Corporation Tax – How Low Can You Go?

Corporation Tax in the UK currently stands at 20%,  the lowest in the G20.  As the Treasury now reaches deep into it’s toolkit to kick-start an idle economy, big business and city institutions are making the case that further cuts may prove counterproductive.

The Establishment’s curious case against tax cuts

To put a potential cut into perspective, France and Germany have rates set at 33.3% and 29.9% respectively, while the U.S. imposes a whopping 40%.  What “The Donald” thinks of this he has not yet shared with ’60 Minutes’.  The former chancellor George Osborne had earmarked a further cut to 17%, a measure still scheduled to be implemented in 2020.  This would be a historic low, down from 28% from when he took office.

A recent survey of accountancy and financial services firms found that bosses believed that any further cuts might risk “alienating the public”.  The head of tax at PwC, Kevin Nicholson stated:

“There comes a point when rate cuts have diminishing impact and can send unhelpful messages about business’ contribution, even though corporation tax is just one of the taxes business bears. Businesses think there should more focus on the taxes that generate the most revenue such as national insurance contributions and VAT. ”

A brief history of Corporation Tax

In the U.K., Corporation Tax has been collected from companies since 1965, when Labour’s election ushered in the policy objective of encouraging capital to be put to productive use, while conversely penalising passive investment.

Then, in 1973, Advance Corporation Tax was introduced. This new code was linked to the basic rate of income tax until 1993 and saw rates climb as high as 52%.  Even though these rates were lowered in the 1980s, the advent of myriad financial instruments in the early 1990s led to greater scrutiny of accounts and calls for a simplification of the tax system.

The Gordon Brown Budget of summer 1997 abolished the means for pension funds and various tax-exempt companies to reclaim tax credits (as well as individuals from April 1999).  This move has been blamed for the dire state of some sectors of British pension provisions.
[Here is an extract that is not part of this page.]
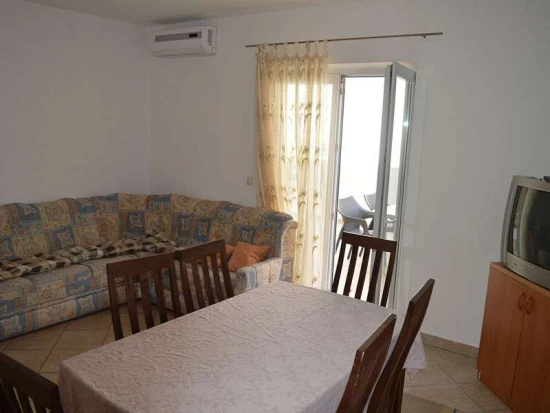 Apartmán Střední Dalmácie - Dugi Rat DA 2806 N4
Next, the new millennium heralded the rewriting of much tax law and the separation of corporate and individual tax bases.  There arose new issues around compatibility with the EU, but the dramatic lowering of the general corporate tax rate in recent years helped to stifle dissent over what is still essentially a very complicated system, which in turn holds no real check on the Revenue’s predilection for proposing ever more uncoordinated rules.